→ Exercise directions
How many of the lines below include "that"? Give the number and no other words.

→ Data for analysis
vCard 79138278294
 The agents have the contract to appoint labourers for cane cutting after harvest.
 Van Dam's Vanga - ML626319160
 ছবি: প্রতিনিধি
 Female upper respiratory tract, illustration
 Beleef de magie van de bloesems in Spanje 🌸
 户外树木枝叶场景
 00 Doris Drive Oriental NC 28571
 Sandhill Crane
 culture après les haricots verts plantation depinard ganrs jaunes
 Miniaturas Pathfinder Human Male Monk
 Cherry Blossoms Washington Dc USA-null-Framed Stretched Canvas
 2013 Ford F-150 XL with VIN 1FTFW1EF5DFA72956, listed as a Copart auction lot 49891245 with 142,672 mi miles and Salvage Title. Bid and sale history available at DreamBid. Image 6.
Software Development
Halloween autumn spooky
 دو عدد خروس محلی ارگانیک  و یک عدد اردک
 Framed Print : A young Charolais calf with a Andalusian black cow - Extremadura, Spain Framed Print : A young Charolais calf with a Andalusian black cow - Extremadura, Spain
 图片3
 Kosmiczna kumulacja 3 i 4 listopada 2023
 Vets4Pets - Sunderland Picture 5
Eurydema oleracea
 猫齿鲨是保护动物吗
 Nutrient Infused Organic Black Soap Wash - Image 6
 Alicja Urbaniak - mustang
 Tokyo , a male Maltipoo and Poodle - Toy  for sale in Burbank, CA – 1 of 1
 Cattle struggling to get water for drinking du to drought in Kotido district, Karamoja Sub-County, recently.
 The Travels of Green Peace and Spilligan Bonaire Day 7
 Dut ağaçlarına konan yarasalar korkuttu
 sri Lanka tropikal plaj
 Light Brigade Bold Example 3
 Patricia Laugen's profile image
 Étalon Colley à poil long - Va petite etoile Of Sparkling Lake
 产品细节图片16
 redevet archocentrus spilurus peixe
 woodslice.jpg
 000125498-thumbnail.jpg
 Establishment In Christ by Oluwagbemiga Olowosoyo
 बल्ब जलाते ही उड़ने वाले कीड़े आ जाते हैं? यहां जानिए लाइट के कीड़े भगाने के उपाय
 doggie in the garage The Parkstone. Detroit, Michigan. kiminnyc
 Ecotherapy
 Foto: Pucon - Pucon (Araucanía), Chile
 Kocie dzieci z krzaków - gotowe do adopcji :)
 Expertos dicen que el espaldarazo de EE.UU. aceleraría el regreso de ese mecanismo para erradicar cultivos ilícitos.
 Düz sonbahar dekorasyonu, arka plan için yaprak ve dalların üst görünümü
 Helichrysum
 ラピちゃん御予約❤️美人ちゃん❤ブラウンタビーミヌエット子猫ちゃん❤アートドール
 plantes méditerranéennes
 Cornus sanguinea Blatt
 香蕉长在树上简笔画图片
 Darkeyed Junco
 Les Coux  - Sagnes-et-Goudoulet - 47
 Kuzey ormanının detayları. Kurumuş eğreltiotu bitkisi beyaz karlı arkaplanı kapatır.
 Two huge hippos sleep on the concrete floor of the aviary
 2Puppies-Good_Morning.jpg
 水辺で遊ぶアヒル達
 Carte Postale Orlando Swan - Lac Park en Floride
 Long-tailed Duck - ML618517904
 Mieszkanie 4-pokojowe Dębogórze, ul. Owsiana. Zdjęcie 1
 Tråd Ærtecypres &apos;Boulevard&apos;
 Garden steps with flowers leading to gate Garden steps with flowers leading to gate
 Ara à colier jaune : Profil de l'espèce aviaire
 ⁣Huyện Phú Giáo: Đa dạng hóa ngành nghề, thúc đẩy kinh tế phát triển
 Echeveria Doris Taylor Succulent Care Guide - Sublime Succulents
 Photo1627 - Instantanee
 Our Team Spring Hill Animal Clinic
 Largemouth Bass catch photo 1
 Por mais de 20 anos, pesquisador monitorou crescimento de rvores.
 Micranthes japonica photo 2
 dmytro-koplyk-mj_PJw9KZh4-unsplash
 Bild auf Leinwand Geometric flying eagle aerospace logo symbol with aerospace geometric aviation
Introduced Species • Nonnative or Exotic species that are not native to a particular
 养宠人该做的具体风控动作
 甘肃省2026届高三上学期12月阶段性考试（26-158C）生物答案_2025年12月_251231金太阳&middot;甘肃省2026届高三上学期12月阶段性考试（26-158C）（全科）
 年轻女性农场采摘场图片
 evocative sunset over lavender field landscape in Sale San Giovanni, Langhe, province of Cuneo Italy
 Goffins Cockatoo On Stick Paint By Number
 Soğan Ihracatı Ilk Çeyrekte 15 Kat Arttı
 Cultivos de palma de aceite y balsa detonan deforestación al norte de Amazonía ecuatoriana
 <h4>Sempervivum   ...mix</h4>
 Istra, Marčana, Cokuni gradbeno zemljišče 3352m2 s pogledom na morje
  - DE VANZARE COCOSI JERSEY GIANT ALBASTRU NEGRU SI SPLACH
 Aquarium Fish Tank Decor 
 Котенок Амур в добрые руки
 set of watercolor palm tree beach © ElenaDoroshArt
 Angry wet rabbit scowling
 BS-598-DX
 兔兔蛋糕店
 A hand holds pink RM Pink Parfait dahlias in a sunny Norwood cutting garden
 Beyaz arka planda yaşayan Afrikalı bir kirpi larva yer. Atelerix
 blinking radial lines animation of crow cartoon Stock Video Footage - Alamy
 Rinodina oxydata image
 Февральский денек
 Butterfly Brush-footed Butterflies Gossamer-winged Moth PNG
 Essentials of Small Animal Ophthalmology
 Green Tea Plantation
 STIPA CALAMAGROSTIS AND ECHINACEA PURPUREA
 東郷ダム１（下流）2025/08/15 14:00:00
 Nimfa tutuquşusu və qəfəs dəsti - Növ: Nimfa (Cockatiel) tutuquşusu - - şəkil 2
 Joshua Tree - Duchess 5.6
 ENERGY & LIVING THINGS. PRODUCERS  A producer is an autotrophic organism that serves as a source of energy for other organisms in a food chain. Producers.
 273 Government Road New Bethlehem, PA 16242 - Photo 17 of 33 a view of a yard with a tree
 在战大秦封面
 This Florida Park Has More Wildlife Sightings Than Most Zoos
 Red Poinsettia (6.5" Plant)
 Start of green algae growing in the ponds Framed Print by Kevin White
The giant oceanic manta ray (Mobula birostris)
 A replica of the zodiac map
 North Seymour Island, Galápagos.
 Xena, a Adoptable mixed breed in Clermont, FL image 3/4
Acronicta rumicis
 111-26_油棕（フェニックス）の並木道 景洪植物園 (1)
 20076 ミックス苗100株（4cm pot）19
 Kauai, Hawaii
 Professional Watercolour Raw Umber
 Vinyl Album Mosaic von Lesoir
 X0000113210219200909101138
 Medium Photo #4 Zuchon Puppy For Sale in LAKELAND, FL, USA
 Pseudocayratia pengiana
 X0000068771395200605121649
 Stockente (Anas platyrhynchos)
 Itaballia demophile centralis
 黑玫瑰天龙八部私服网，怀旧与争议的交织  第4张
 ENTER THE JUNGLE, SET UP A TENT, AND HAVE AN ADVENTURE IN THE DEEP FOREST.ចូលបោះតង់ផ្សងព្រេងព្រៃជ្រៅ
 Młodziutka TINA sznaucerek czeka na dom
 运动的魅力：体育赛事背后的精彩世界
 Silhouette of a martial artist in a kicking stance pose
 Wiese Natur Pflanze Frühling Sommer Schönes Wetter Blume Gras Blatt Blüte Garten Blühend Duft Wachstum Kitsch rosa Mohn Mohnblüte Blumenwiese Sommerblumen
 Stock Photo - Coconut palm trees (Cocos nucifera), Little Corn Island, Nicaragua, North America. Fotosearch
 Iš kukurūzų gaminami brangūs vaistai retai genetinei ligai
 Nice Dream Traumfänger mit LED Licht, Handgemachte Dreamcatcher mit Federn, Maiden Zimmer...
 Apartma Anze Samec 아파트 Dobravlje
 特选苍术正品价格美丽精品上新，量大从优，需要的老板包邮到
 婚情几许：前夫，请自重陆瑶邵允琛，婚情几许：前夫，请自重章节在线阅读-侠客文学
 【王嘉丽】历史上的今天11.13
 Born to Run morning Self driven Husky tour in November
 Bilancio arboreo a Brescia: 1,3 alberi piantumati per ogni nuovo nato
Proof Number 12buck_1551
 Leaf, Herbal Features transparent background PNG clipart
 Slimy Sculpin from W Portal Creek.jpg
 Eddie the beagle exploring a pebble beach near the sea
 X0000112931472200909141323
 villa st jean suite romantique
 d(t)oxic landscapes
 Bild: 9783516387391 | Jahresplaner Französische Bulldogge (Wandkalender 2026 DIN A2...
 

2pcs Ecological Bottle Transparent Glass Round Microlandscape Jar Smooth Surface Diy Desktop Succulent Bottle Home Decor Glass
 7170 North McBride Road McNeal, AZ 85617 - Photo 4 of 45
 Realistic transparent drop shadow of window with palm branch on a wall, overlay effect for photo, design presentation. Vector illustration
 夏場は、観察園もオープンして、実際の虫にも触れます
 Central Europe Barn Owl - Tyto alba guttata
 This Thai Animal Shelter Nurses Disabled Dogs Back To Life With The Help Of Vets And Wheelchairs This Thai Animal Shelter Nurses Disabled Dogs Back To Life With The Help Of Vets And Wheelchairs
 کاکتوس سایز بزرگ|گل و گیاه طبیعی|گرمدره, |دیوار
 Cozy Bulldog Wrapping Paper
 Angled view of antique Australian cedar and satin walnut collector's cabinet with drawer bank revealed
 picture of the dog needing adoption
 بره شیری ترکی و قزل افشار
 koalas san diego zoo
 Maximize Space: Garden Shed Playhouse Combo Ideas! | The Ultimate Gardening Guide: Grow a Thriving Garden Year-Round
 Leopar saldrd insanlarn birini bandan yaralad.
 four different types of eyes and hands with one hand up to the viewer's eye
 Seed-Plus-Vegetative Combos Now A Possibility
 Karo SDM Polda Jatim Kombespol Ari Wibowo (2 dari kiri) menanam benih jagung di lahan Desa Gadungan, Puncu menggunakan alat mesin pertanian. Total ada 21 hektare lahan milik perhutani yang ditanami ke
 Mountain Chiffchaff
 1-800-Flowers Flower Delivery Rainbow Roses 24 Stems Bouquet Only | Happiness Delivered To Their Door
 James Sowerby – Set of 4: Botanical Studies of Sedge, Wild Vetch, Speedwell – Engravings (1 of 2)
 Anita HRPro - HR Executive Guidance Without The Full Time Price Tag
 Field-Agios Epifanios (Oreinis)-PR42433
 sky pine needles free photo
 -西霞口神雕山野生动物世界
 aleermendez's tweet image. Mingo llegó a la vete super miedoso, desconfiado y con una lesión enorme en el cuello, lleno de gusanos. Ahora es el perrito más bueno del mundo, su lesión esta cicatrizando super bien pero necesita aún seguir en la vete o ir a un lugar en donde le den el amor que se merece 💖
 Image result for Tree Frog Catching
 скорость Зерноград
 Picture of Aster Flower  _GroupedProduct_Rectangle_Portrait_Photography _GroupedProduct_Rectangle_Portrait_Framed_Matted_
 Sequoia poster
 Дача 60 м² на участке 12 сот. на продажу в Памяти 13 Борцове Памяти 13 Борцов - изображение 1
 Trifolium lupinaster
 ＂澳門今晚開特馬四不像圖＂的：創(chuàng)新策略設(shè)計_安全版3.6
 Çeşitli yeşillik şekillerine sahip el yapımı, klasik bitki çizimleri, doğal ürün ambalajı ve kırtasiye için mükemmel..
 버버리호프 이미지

→ Expected answer
2